Stem cell-derived exosomes as a potential therapy for schistosomal hepatic fibrosis in experimental animals.

Schistosomiasis is a neglected tropical disease. Egg-induced granuloma formation and tissue fibrosis are the main causes of the high morbidity and mortality of schistosomiasis. Mesenchymal stem cells (MSCs)-derived exosomes play an important role with a superior safety profile than MSCs in the treatment of liver fibrosis. Therefore, the aim of this study was to investigate the potential therapeutic effect of MSCs-derived exosomes on schistosomal hepatic fibrosis. Exosomes were isolated from bone marrow MSCs and characterized. A total of 85 mice were divided into four groups: group I (control group), group II (PZQ group) infected and treated with PZQ, group III (EXO group) infected and treated with MSCs-derived exosomes and group IV (PZQ+EXO group) infected and treated with both PZQ and MSCs-derived exosomes. Assessment of treatment efficacy was evaluated by histopathological and immunohistochemical examination of liver sections by proliferating cell nuclear antigen (PCNA) and nuclear factor-κB (NF-κB). The results showed significant reduction of the number and diameter of hepatic granulomas, hepatic fibrosis, upregulation of PCNA expression and reduction of NF-κB expression in EXO and PZQ+EXO groups as compared to other groups at all durations post infection.
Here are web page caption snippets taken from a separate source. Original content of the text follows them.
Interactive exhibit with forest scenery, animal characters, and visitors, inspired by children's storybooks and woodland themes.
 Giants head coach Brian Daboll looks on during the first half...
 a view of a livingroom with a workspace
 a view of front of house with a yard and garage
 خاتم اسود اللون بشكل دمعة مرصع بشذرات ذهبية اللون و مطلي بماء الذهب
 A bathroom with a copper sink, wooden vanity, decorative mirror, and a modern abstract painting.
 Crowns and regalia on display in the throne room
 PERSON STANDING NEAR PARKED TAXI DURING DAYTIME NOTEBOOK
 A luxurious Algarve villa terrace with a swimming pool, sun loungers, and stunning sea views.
Additionally, more improvement was observed in PZQ+EXO group. In conclusion, MSCs-derived exosomes are a promising agent for the treatment of schistosomal hepatic fibrosis, and their combination with PZQ shows a synergistic action including antifibrotic and anti-inflammatory effects. However, further studies are required to establish their functional components and their mechanisms of action.